I am trying to make an LSTM network from scratch using LSTMCell. 4 layers of LSTMs are stacked and a fully connected layer finally gives a single output for each time step. Here is the model code
class McG_LSTM(nn.Module):
def __init__(self,size=25,BSIZE=32,LEN=512):
super(McG_LSTM, self).__init__()
self.size = size
self.lstm_1 = nn.LSTMCell(1,self.size,True)
self.lstm_2 = nn.LSTMCell(self.size,self.size,True)
self.lstm_3 = nn.LSTMCell(self.size,self.size,True)
self.lstm_4 = nn.LSTMCell(self.size,self.size,True)
self.fc1 = nn.Linear(self.size, 1)
def forward(self, x, hidden):
self.ht1, self.ct1, self.ht2, self.ct2, self.ht3, self.ct3, self.ht4, self.ct4 = hidden
self.y.detach()
self.y.zero_()
for i in range(x.size(0)):
self.ht1, self.ct1 = self.lstm_1(x[i],(self.ht1,self.ct1))
self.ht2, self.ct2 = self.lstm_2(self.ht1,(self.ht2,self.ct2))
self.ht3, self.ct3 = self.lstm_3(self.ht2,(self.ht3,self.ct3))
self.ht4, self.ct4 = self.lstm_4(self.ht3,(self.ht4,self.ct4))
self.y[i] = self.fc1(self.ht4)
return self.y, (self.ht1, self.ct1, self.ht2, self.ct2, self.ht3, self.ct3, self.ht4, self.ct4)
def init_hidden(self,BSIZE,LEN):
self.register_buffer('ht1', torch.zeros(BSIZE,self.size))

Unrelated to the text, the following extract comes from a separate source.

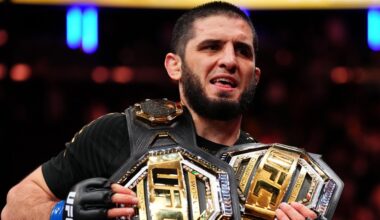 Dana White explains why he’s not ready to crown Islam Makhachev as the GOAT just yet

self.register_buffer('ct1', torch.zeros(BSIZE,self.size))
self.register_buffer('ht2', torch.zeros(BSIZE,self.size))
self.register_buffer('ct2', torch.zeros(BSIZE,self.size))
self.register_buffer('ht3', torch.zeros(BSIZE,self.size))
self.register_buffer('ct3', torch.zeros(BSIZE,self.size))
self.register_buffer('ht4', torch.zeros(BSIZE,self.size))
self.register_buffer('ct4', torch.zeros(BSIZE,self.size))
self.register_buffer('y', torch.zeros(LEN,BSIZE,1))
return (self.ht1, self.ct1, self.ht2, self.ct2, self.ht3, self.ct3, self.ht4, self.ct4)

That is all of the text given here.